CUDA.jl - Variable Sized Local Arrays Inside CUDA Kernel

Hello all,

I am trying to parallelize a computational mechanics code. I encountered a problem which I cannot solve. I am trying to allocate variable sized arrays for every thread. However, for a particular thread, the size of the arrays are not the same. For example, thread #1 can be dealing with an array size of (4, 16) and thread #16 can be dealing with (4, 26). In this situation “4” is not arbitrary. It is square of 2, which is the dimension of the problem. It is also a variable. There is a simple code to demonstrate this hypothetical situation. This kernel can be wrong and it is not working but it conveys the message.

clearconsole()

# Import related libraries
using CUDA
using StaticArrays


# Random array kernel
function gpu_arbitrary_assemblage(sum_vector, sizes_of_arrays)
    tidx = (blockIdx().x - 1) * blockDim().x + threadIdx().x #calculate thread ID number
    PD = 2 # this value is an acronym for problem dimension. It can only be 2 or 3.
    if tidx <= 10   

        # Get how many columns to initiate. This information actually comes from a real data.
        # I dont know which INT value to use. I look for solutions.
        # This "columns" value actually comes from size(matrix, 2)
        columns = UInt32(sizes_of_arrays[tidx])

        
        random_array_for_thread = MMatrix{PD*PD, columns, Float32}(undef)

        #=
        It really does not matter how I initiate the variable sized arrays
        I could use something like this (please read below paragraph)
        random_array_for_thread = @MMatrix zeros(PD*PD, columns)
        =#
        
        ############################################
        #     some operations on arrays etc.
        #     calculations with long lines
        ############################################

        #=
        this operation is totally arbitrary. for example we sum all the values inside array
        and we append them to a result vector
        =#
        sum_vector[tidx] = sum(random_array_for_thread) 
    end
    return nothing
end

# random sizes, these values are column values.
sizes_of_arrays = cu([6, 8, 5, 4, 7, 2, 5, 4, 9, 8, 7])

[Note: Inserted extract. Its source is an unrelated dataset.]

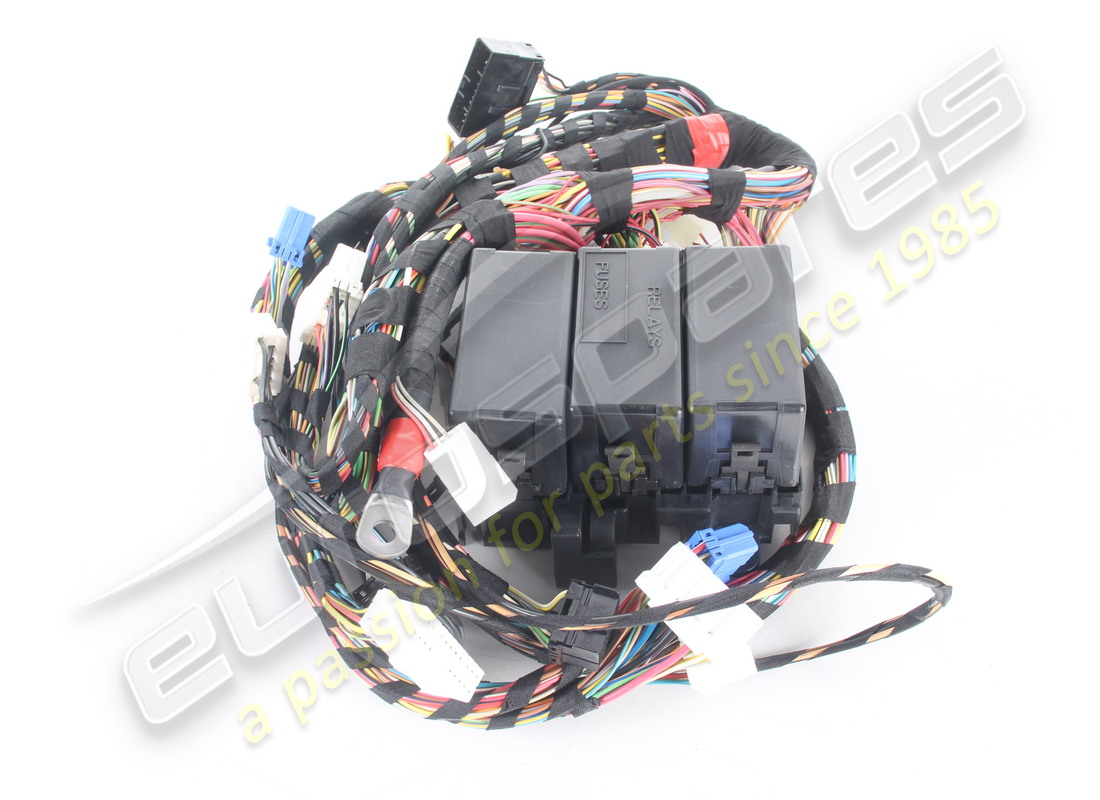 new ferrari lh rear tunnel connection cable. part number 200847 (2)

# this is our result vector
sum_vector = CUDA.fill(0.0f0, (10))

display(sum_vector)
@cuda threads = (32, 1, 1) gpu_arbitrary_assemblage(sum_vector, sizes_of_arrays)
display(sum_vector)

If I try to allocate memory for a thread to use with variables, I get an error. The error is named “Reason: unsupported call to an unknown function (call to jl_f_apply_type)”.

Actually, I learnt to use MMatrix and MVector from StaticArrays library from this forum. It is important arrays to be mutable for me. If I wrote this code in CUDA Python, I would use “cuda.local.array((4,9), float32))” function to create arrays. However, it is not possible to create variable sized arrays in CUDA Python. I hope this is not the case in CUDA Julia. I am also looking for a better option to create arrays. Maybe something like “CUDA.CuLocalArray()” but it does not exist.

My question is that is it possible to create variable sized (dynamically sized) arrays for every thread? Because all of them are different from each other, I cannot give a value to kernel parameters to be used. This would be incredibly inefficient in my program. I need something special for one particular thread, not for all threads. If anybody can help, I would be so glad. Thank you.

You will need to create the variable sized arrays prior to launching your kernel, and pass them in as a parameter.

Thank you so much. If it is the only way, I will try to construct my code accordingly.